> _Action item_: Exactly as written, return all the data, leaving its pictures behind.

> _The data_:
──────────────────────────────
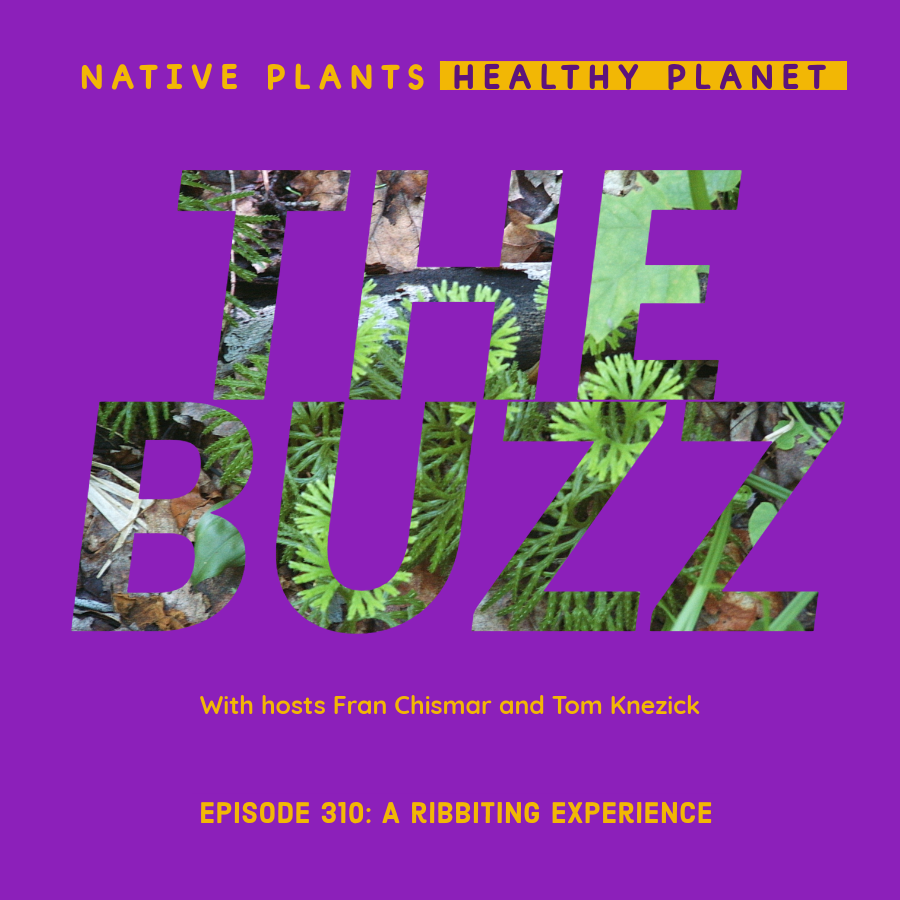 PinelandNursery's tweet photo. Tom &amp; @nativeplantfran are back w/a brand new episode of The Buzz. Did you hear? The Buzz is HOT! Welcome to National Frog Month. “That’s Hot” highlights emerging color. “This or That” tackles theft &amp; highlights a former guest. https://t.co/U7fpJzNSeU https://t.co/iSqY8RFBHs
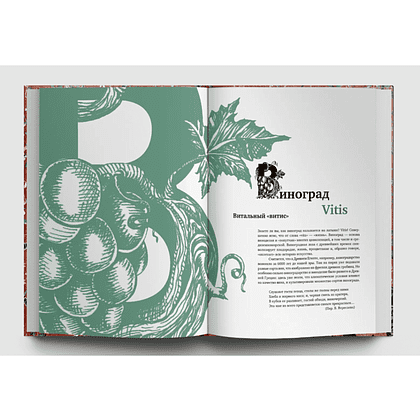 Книга  "Искусство и флора. От Аканта до Яблони", Ольга Козлова, Светлана Шехтер - 5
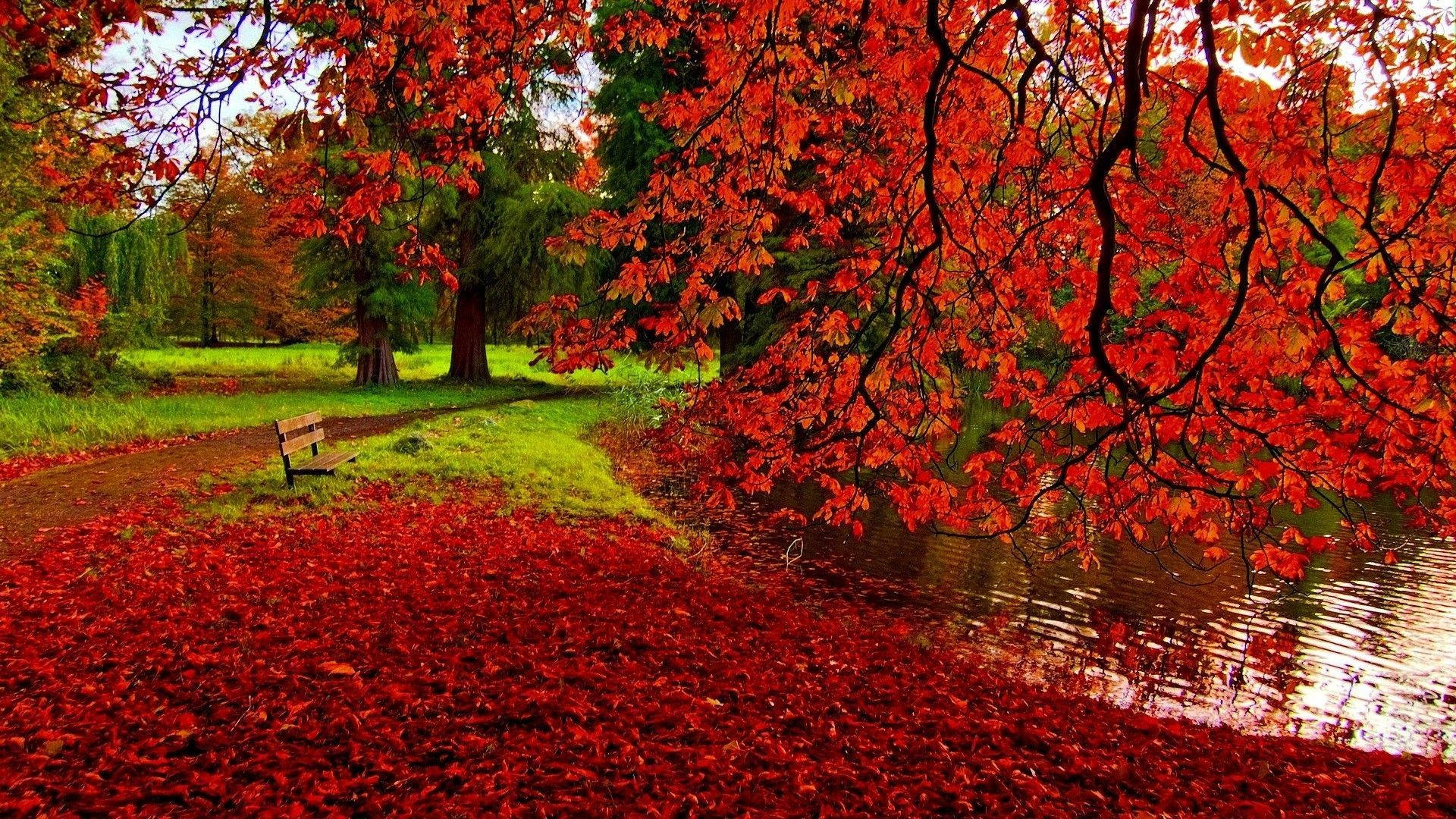 Pond Fall Desktop, vibrant red maple leaves, calm pond, Full HD Desktop Wallpaper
──────────────────────────────
> _Output of the task_:
 PinelandNursery's tweet photo. Tom &amp; @nativeplantfran are back w/a brand new episode of The Buzz. Did you hear? The Buzz is HOT! Welcome to National Frog Month. “That’s Hot” highlights emerging color. “This or That” tackles theft &amp; highlights a former guest. https://t.co/U7fpJzNSeU https://t.co/iSqY8RFBHs
 Книга  "Искусство и флора. От Аканта до Яблони", Ольга Козлова, Светлана Шехтер - 5
 Pond Fall Desktop, vibrant red maple leaves, calm pond, Full HD Desktop Wallpaper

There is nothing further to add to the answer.